Ingredients:

  • 4 medium sweet potatoes (approx. 2 lbs / 900g)
  • 1 can (15 oz / 425g) chickpeas, drained and patted dry
  • 3 tbsp (42g) extra virgin olive oil
  • 1 tsp (2g) smoked paprika
  • 1/2 tsp (3g) garlic powder
  • 1 tsp (6g) kosher salt
  • 1/2 tsp (1g) cracked black pepper
  • 1/4 cup (15g) red onion, finely diced
  • 1/4 cup (15g) fresh parsley, chopped
  • 2 tbsp (8g) fresh dill, chopped
  • 1/4 cup (40g) English cucumber, small dice
  • 2 tbsp (30ml) lemon juice
  • 3 tbsp (45ml) tahini
  • 1 clove (5g) garlic, minced
  • 3 tbsp (45ml) warm water

Instructions:

  1. Preheat your oven to 425°F (220°C) and line a large baking sheet with parchment paper. Note: High heat is non negotiable for the char.
  2. Scrub the sweet potatoes and slice them lengthwise down the center, but don't cut all the way through.

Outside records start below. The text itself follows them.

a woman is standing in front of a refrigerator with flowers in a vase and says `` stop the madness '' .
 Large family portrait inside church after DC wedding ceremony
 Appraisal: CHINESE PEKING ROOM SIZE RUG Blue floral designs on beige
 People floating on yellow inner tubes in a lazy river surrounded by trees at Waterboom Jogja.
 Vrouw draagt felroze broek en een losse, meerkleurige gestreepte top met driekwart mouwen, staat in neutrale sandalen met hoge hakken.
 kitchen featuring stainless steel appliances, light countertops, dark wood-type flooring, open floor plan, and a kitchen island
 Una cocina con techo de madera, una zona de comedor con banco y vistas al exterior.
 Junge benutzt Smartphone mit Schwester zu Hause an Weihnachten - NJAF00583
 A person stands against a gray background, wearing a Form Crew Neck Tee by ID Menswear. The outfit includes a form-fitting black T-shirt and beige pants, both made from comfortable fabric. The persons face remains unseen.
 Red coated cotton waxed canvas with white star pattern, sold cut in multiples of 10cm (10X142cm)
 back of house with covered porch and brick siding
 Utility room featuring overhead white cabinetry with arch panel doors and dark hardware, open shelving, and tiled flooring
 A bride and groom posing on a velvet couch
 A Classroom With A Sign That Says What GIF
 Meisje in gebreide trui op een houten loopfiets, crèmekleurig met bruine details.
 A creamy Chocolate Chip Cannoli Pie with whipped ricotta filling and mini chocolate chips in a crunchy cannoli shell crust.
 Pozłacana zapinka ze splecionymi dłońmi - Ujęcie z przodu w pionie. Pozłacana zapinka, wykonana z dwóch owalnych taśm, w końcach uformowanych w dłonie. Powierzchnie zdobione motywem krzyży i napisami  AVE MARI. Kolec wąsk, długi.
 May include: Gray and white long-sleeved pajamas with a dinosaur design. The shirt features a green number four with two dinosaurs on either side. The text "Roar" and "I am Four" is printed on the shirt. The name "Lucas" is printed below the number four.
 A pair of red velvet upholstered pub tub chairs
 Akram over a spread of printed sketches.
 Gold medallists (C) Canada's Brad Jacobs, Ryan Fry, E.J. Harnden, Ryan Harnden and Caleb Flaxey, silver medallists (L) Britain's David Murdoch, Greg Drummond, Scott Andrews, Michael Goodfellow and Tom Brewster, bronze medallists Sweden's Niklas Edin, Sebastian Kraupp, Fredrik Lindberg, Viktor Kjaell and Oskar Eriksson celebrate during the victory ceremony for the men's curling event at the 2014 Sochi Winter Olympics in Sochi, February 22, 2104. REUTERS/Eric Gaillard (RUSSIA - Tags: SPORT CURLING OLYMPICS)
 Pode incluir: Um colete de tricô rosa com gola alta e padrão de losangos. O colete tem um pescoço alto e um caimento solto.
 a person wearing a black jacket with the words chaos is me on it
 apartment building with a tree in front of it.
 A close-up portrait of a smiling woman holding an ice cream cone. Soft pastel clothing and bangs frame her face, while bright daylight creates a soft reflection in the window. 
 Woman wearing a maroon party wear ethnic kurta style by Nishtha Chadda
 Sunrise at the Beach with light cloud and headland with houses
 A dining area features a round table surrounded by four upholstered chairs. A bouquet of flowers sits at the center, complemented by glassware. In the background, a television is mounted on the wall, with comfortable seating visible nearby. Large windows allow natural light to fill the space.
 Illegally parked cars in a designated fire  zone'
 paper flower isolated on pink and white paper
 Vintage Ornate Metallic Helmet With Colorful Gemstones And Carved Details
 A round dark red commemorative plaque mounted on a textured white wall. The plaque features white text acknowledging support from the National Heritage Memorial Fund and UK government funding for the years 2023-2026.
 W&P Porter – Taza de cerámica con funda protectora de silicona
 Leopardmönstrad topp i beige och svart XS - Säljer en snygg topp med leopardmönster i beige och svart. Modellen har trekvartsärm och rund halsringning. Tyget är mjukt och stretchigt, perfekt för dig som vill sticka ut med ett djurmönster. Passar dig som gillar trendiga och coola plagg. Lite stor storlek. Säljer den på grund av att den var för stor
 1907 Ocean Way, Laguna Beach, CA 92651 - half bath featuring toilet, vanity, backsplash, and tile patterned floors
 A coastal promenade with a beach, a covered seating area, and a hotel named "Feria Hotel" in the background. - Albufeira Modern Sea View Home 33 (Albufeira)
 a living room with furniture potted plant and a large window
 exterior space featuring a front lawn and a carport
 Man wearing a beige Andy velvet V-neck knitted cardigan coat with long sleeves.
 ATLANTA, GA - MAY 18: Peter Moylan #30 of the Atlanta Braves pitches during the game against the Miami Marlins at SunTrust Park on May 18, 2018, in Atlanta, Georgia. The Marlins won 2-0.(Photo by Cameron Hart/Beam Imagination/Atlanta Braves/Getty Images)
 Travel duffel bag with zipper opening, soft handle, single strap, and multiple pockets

This creates the boat shape.
  3. In a medium bowl, toss the drained chickpeas with 1 tbsp olive oil, smoked paprika, garlic powder, salt, and pepper. Spread these on one half of your baking sheet.
  4. Brush the interiors and skins of the potatoes with the remaining olive oil and a sprinkle of salt. Place them cut side up on the other half of the sheet.
  5. Bake for 30-35 minutes until the potato skins look wrinkled and the chickpeas are golden and crisp.
  6. While the roasting is happening, mix the diced cucumber, red onion, parsley, and dill in a bowl. Toss them with 1 tbsp lemon juice and a pinch of salt.
  7. Remove the Mediterranean Sweet Potato boats from the oven and use a fork to lightly fluff the orange interior. Note: This creates more surface area for the sauce to soak in.
  8. Whisk together the tahini, remaining 1 tbsp lemon juice, and minced garlic. Slowly whisk in warm water until the sauce is velvety and pourable.
  9. Fill each potato boat with the fresh herb salad, top with crumbled feta and those crispy chickpeas, and finish with a drizzle of the garlic tahini sauce.